After being told the story, Michael returns to school. He finds a plaque commemorating Bertie's heroic acts in the war, and learns from a teacher that Millie died only a few months after Bertie. Michael goes back to the house, finding it deserted. He then hears Millie's voice asking him to look after the chalk lion on the hill.

==Release and adaptation==
The novel was first published in Great Britain by Collins in 1996, and won the 1996 Smarties book prize, and the Writers' Guild Award in 1995.

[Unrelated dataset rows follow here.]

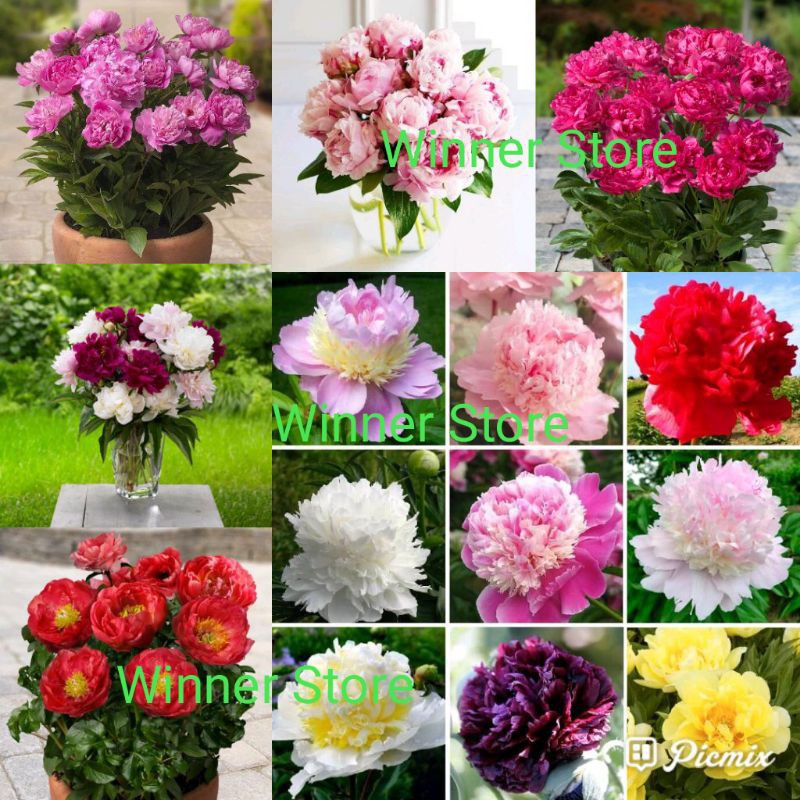 Bibit Benih Bunga Peony Peoni Mix (1 Butir)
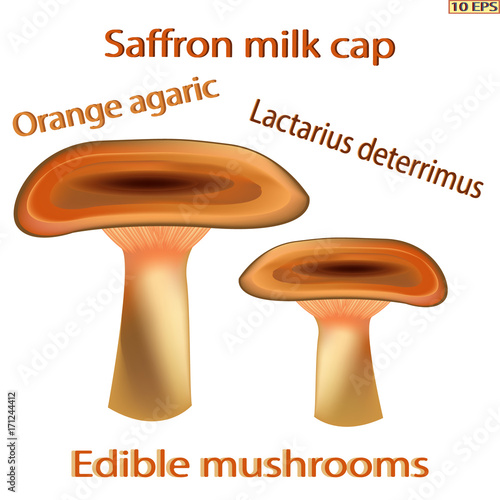 Mushrooms icon. Set edible mushrooms. Edible fungus. Vector illustration to culinary sites or cookbook, vegetarian menu, kitchen interior design.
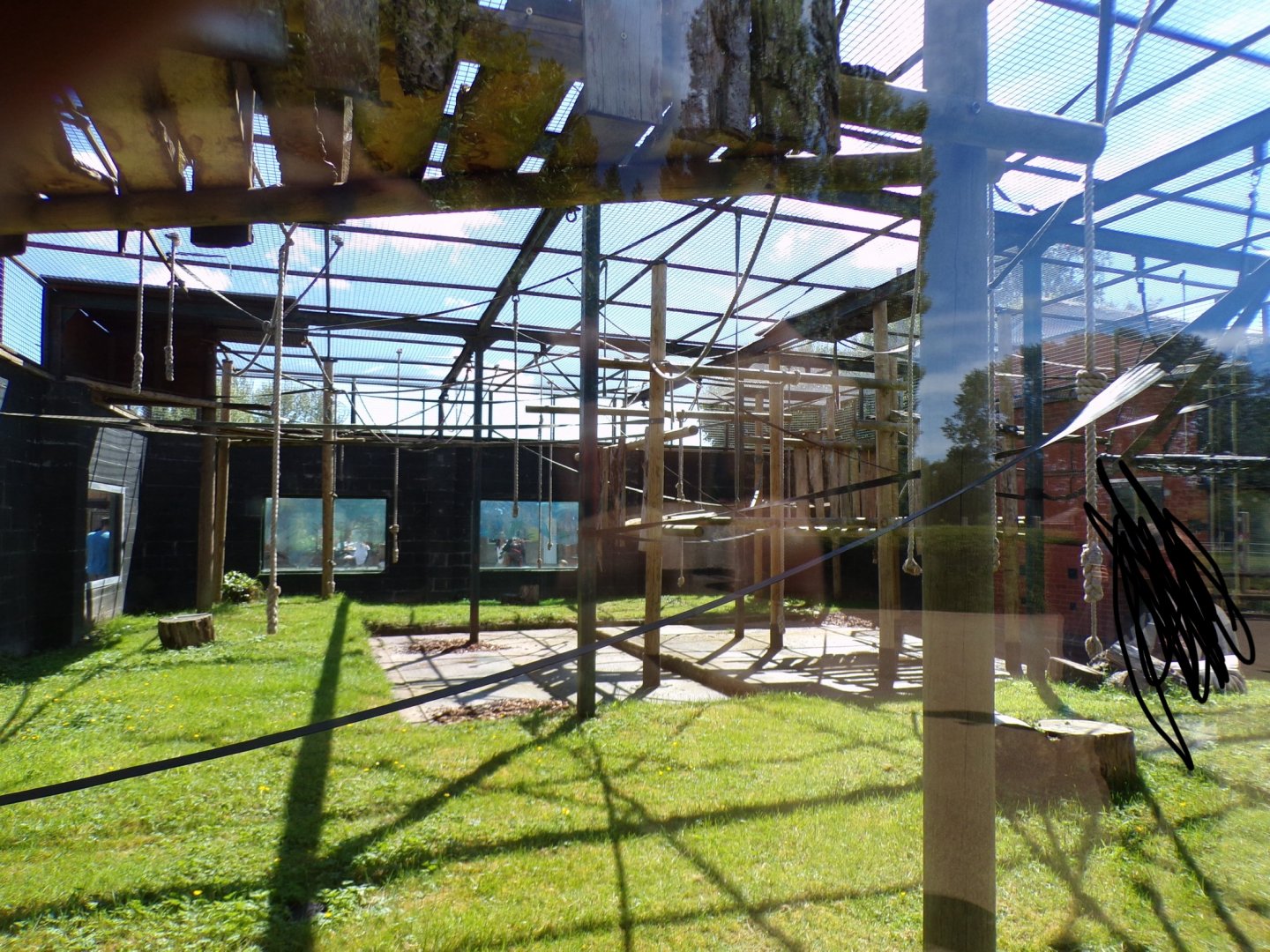 Siamang enclosure 7.7.24
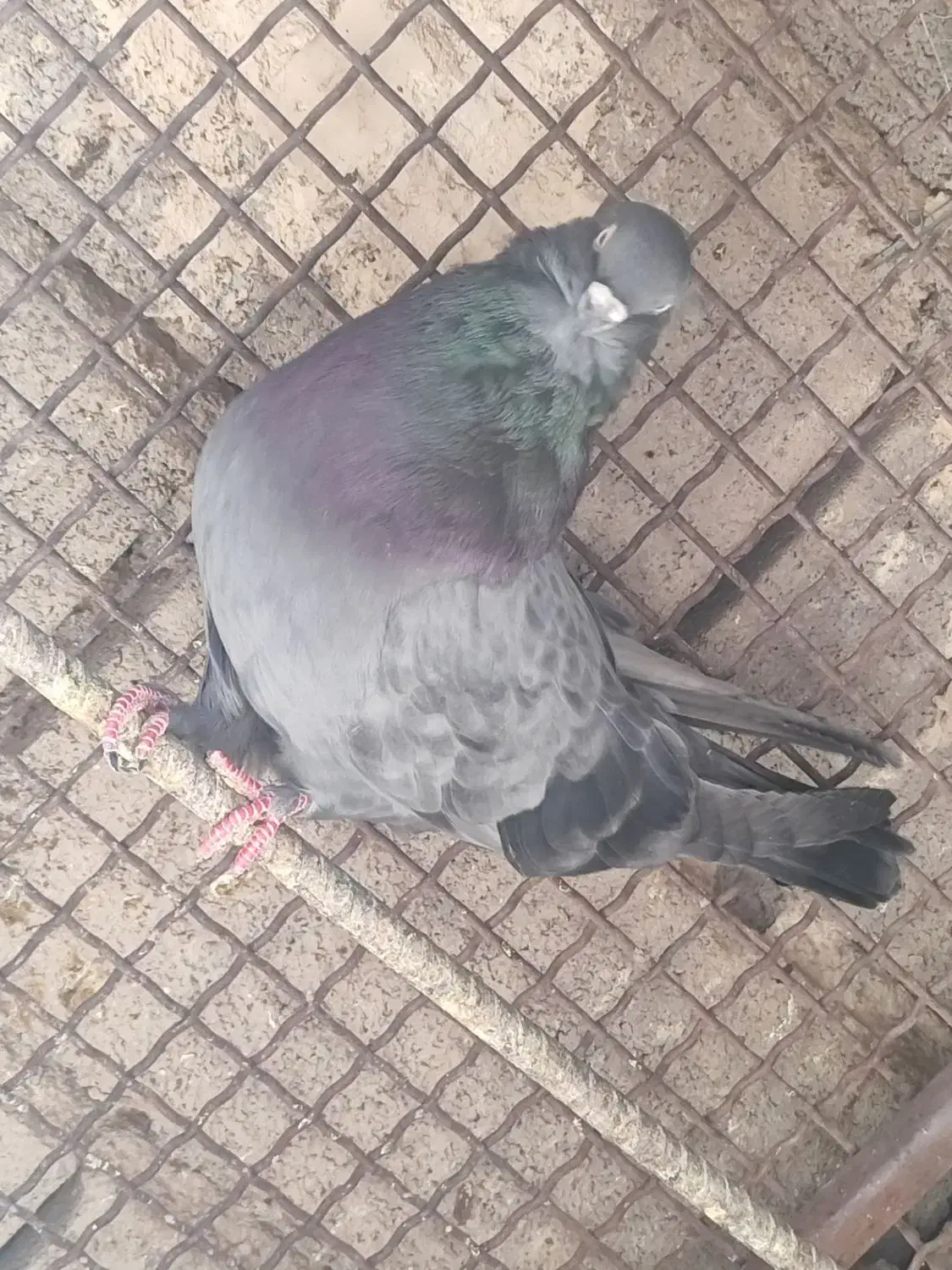 فروشی|پرنده|بم, |دیوار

The book was adapted into a stage play by Daniel Buckroyd of the Mercury Theatre, Colchester, which toured the UK in 2013. The play featured Gwen Taylor and Adam Buchanan in the title roles. British theatre critic Lyn Gardner said in his review of the play that "this is a gripping and ultimately touching couple of hours, made all the more compelling by Daniel Buckroyd's staging ... Buckroyd is as much a storyteller as Morpurgo, and while the narration is initially a little clumsy and overemphatic, and the physical theatre element somewhat overworked, the performances find rhythm and power ... it may be an old-fashioned, nostalgic story, but music, storytelling, design, puppetry and stagecraft come together".

==Reviews==
Gebregeorgis Yohannes wrote in the School Library Journal; "this touching story is well written and emotionally satisfying. Readers will be drawn to this fascinating tale of a unique friendship between boy and beast. In addition to being a successful adventure story, the book demonstrates the value of character – of keeping promises standing up for one's beliefs, and courage under fire". Nick Smurthwaite of Design Week said "the combination of Morpurgo's imaginative story-telling and Birmingham's lovingly detailed pictures has proved to be one of the biggest success stories of children's literature in the 1990s".

Publishers Weekly said in their review that the "conclusion is sweet, but unless readers can picture the famous White Horse on the hillside at Uffington, they will have difficulty imagining an adult Bertie and his wife carving out a similar picture of the white lion or blue butterflies alighting on it en masse to drink on the chalk face – concepts critical to the book's conclusion".

In her review for the Booklist, Kathleen Squires wrote "the story sounds hokey, but Morpurgo evocatively captures the South African landscape and presents young, lonely Bertie's heartbreak and his blossoming friendship and love for Millie with genuine emotion and tender poignancy. Eventually, a reunion does come after Bertie goes off to fight the war in France. When the lion finally dies, Bertie and Millie honor it by carving a monument that attracts beautiful blue butterflies. With just the right mix of tension and romance, this short, sophisticated novel will appeal especially to animal lovers".